I have been meaning to make this since last year, when I bought the maple syrup. But, last year, I didn't have any reason to make it. A couple of weeks ago, Bob suggested having a holiday open house. Yahoo, an opportunity to make all kinds of stuff. So one afternoon, I got to work. I was a demon candy maker as a child. Unfortunately, none of it turned out as it was supposed to. I remember sinister looking lakes of gravelly fudge, non hardening taffy that refused to solidify so it could be pulled. I do remember being told that my fudge was gravelly because I used granulated sugar rather than confectioners' sugar, so I was relieved that this fudge contained no sugar at all.

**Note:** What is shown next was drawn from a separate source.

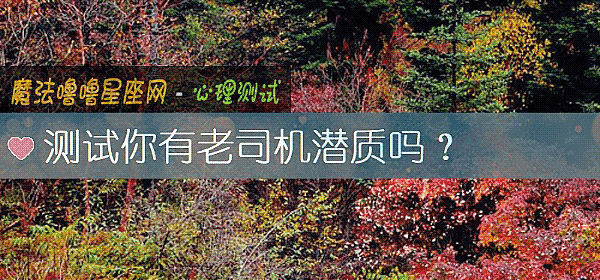 測試你有老司機潛質嗎？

I was also proud that I was in possession of a candy thermometer, rather an expensive candy thermometer at that, since the directions required boiling the mixture until it reached 234 degrees Fahrenheit. I poured the maple syrup, corn syrup and cream into a saucepan, lit the burner and turned to the drawer where the thermometer lay. When the candy mixture boiled, I put the thermometer in the pot and pressed the on button. Nothing. Since I wanted to make the candy then and not after going out in search of new batteries, I pressed ahead. The recipe said " Boil until a small amount of the mixture forms a soft ball in cold water." Okay,. I put three ice cubes into a cup of water and poured a tablespoonful of boiling candy into the ice water. It formed a scummy foam on top of the cup.
The fudge continued to boil. I poured again. Scum again. After 20 minutes, the boiling candy finally coalesced in the bottom of the cup, forming, yes! a soft ball of candy!.I poured it into a buttered pan. Here's a piece of advice. The recipe says a 8 by 8 by 2 inch pan. I would use a slightly smaller pan for thicker fudge. Also,greasing the pan, which I did do, does not necessarily keep the fudge from sticking. I would try something I just discovered, If You Care Silicone Coated Parchment Baking Paper. I bought it because some recipe called for baking paper. It is the greatest thing for rolling out dough. Nothing sticks to it.
You will not read too many commercial plugs in this column, but this stuff is great. If you plan to make cookies, or pie, or anything that needs not to stick to the pan, the counter, the rolling pin or you, buy this stuff! This is excellent, non-grainy fudge.
Blue Ribbon Maple Syrup Fudge
2 cups maple syrup
1 tablespoon light corn syrup
3/4 cup light cream
1 teaspoon vanilla
3/4 coarsely chopped walnuts or butternuts
1. Combine the maple syrup, corn syrup and cream in a heavy saucepan.
2. Place over moderate heat. (On my gas stove, I figured that was a bout 4.) and stir until mixture begins to boil. Continue boiling, without stirring, until a small amount of the mixture forms a soft ball in cold water (234 degrees on a candy thermometer.)
3. Remove pan from heat and let cool, without stirring, until lukewarm (120 to 110 degrees). Beat the mixture until it thickens and loses its gloss.
4. Add the vanilla and nuts and pour into a buttered 8-by-8- by-2 inch pan. When cool, cut into squares. Makes a bout twenty-five one-and-one-half-inch squares.